▶ _Work order_
Excluding pictures, what does the listing below contain from the line with "Beige wall with" up to and including the line with "White plate and", word for word?

▶ _Available data_

☆ ☆ ☆ ☆

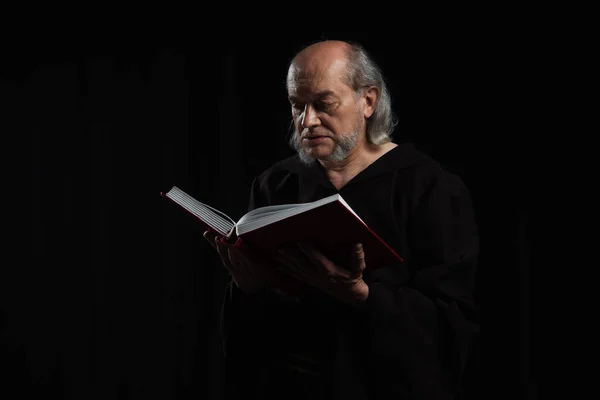 Medieval priest in dark robe reading holy bible isolated on black — Stock Photo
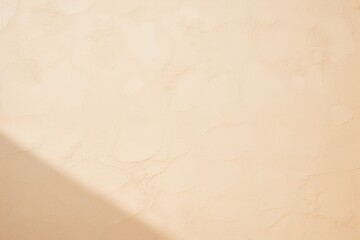 Beige wall with shadows on it, top view, flat lay background texture
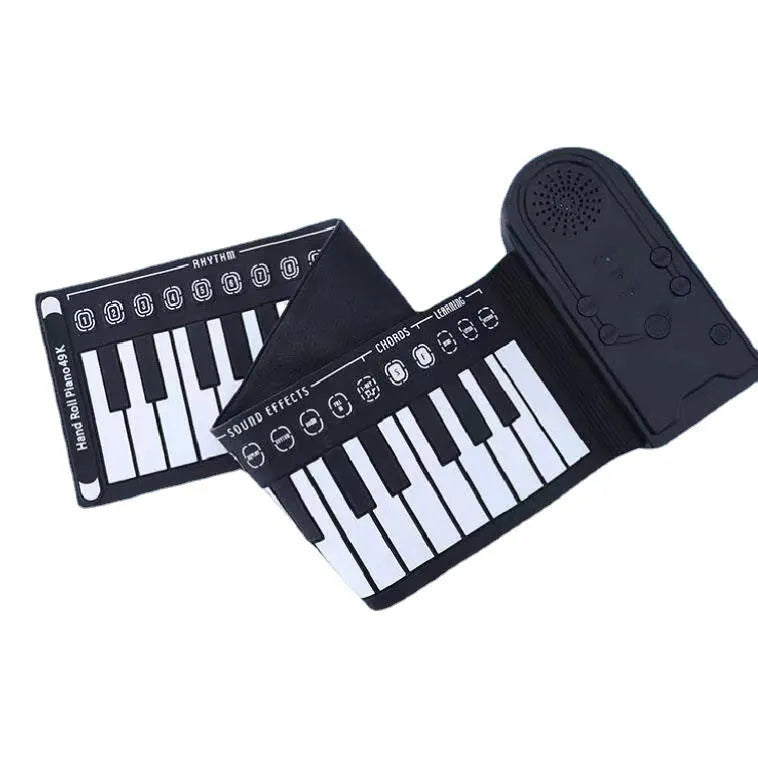 Portable black folding electronic keyboard rolled up next to its control panel and cable.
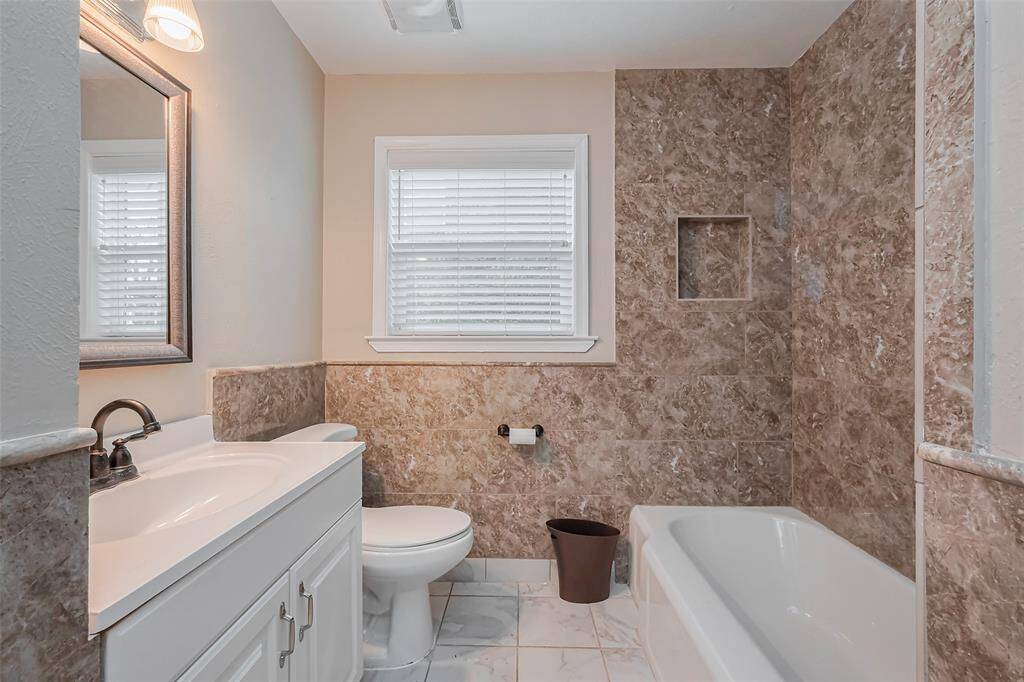 This primary bathroom is designed for both relaxation and convenience, featuring a tub/shower combination surrounded by stylish tiling.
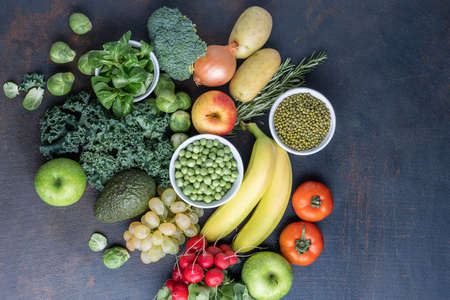 The concept of a healthy vegetarian diet, a selection of fresh products for a detox diet, raw broccoli, apple, spinach, peas, avocado, lime, corn salad, top view. The concept of healthy eating.の写真素材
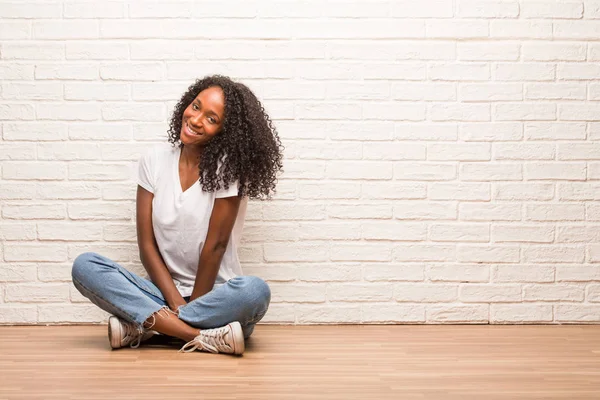 Young Black Woman Sitting Wooden Floor Cheerful Big Smile Brick — Stock Photo, Image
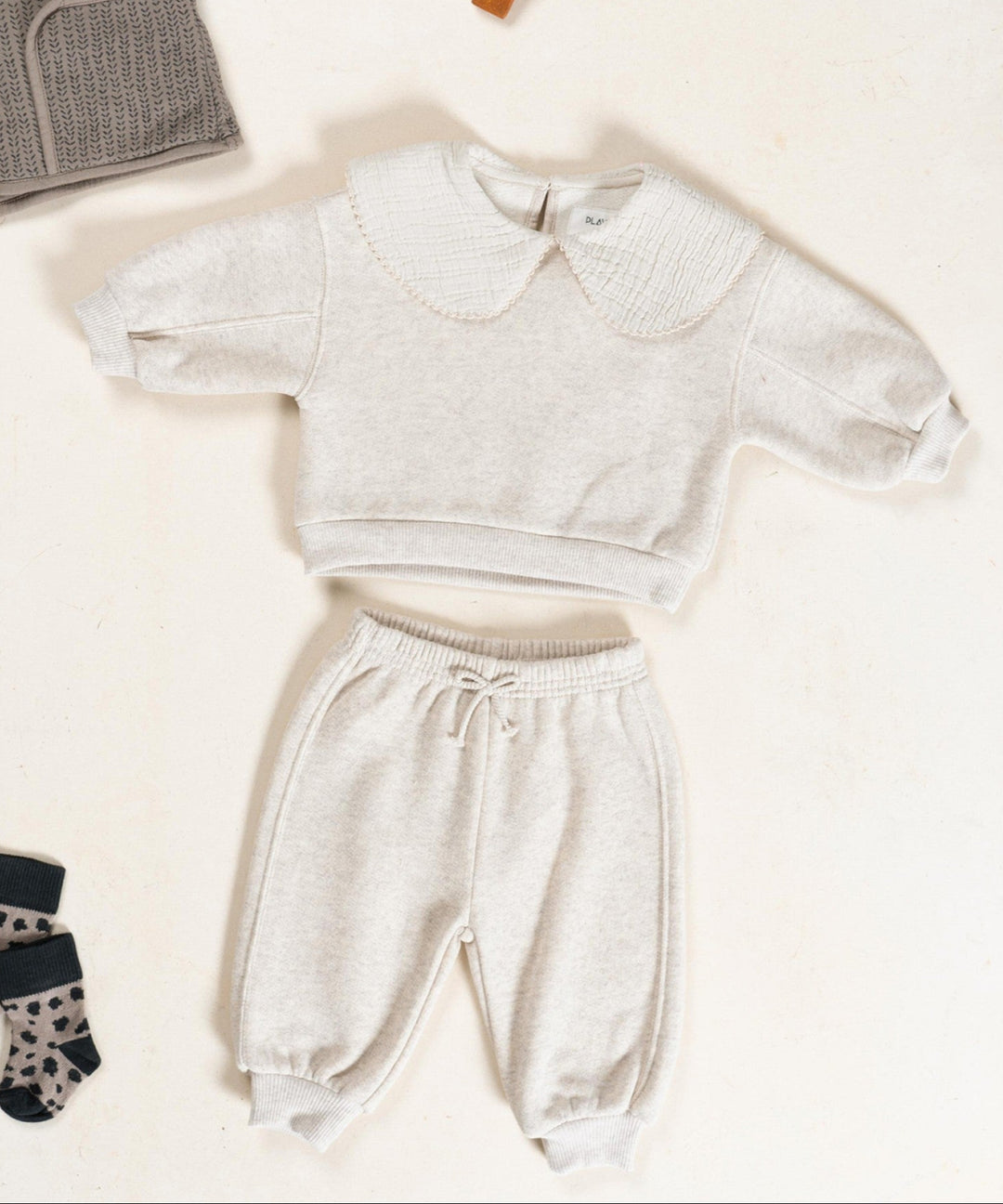 Children's clothing set with a sweater, pants, and socks on a white background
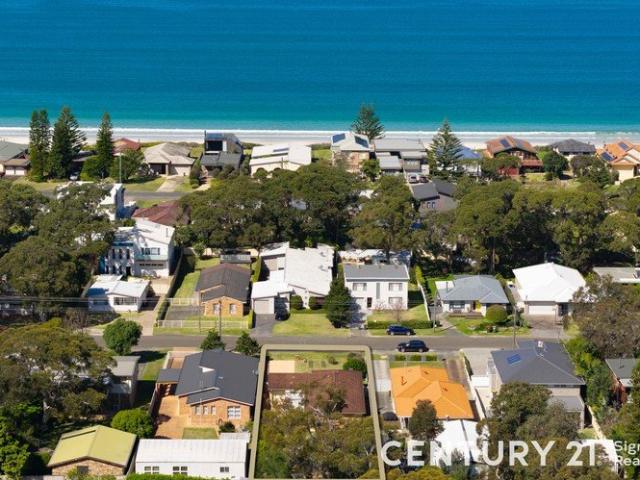 Affordable Coastal Living Just One Street from the Beach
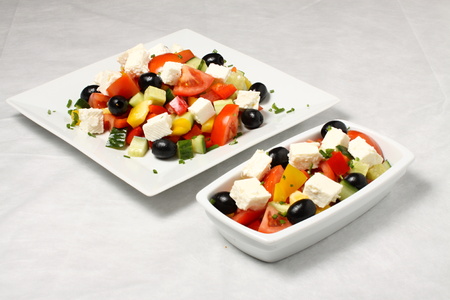 White plate and small saucer full of saladの写真素材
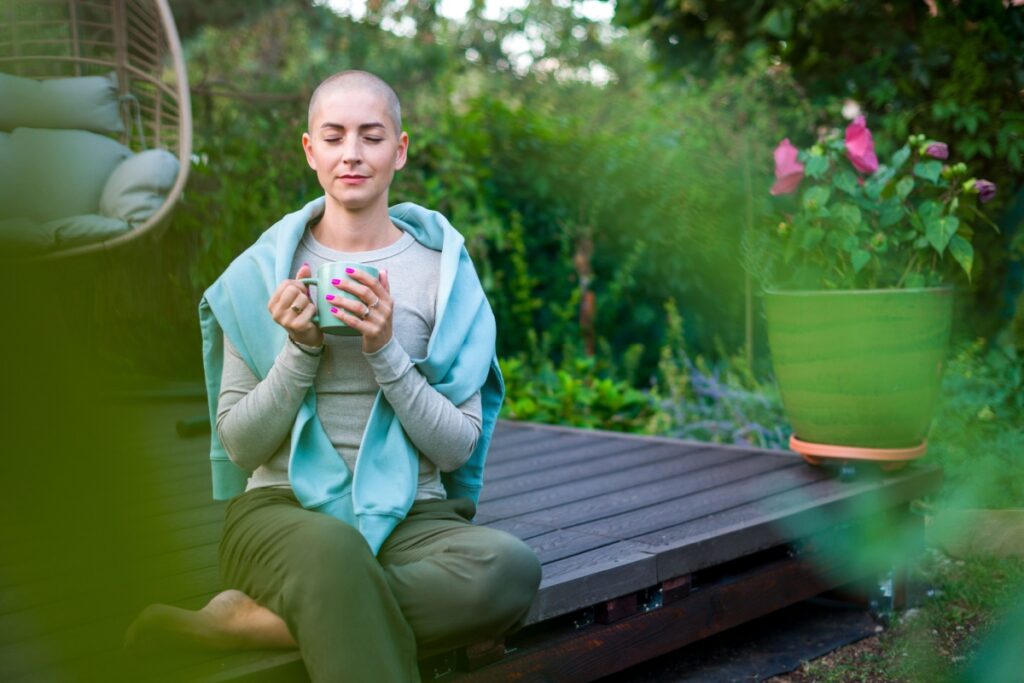 A cancer patient sitting on garden patio with coffee, eyes closed, practicing mindfulness and relaxation techniques.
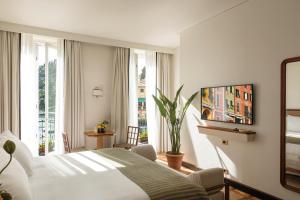 Splendido Mare, A Belmond Hotel, Portofino في بورتوفينو: غرفة نوم بسرير ابيض ونافذة كبيرة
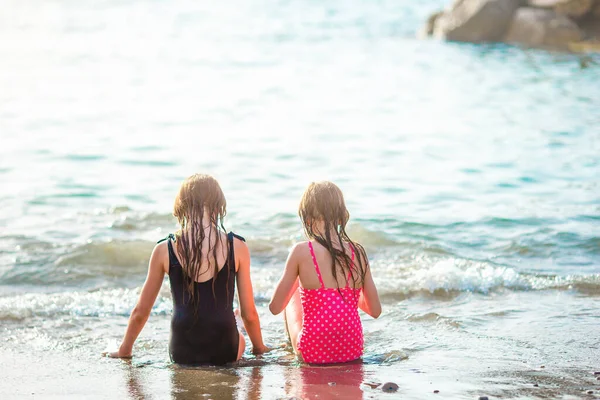 Kleine fröhliche lustige Mädchen haben viel Spaß am tropischen Strand beim gemeinsamen Spielen. — Stockfoto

☆ ☆ ☆ ☆

▶ _Result for this task_
 Beige wall with shadows on it, top view, flat lay background texture
 Portable black folding electronic keyboard rolled up next to its control panel and cable.
 This primary bathroom is designed for both relaxation and convenience, featuring a tub/shower combination surrounded by stylish tiling.
 The concept of a healthy vegetarian diet, a selection of fresh products for a detox diet, raw broccoli, apple, spinach, peas, avocado, lime, corn salad, top view. The concept of healthy eating.の写真素材
 Young Black Woman Sitting Wooden Floor Cheerful Big Smile Brick — Stock Photo, Image
 Children's clothing set with a sweater, pants, and socks on a white background
 Affordable Coastal Living Just One Street from the Beach
 White plate and small saucer full of saladの写真素材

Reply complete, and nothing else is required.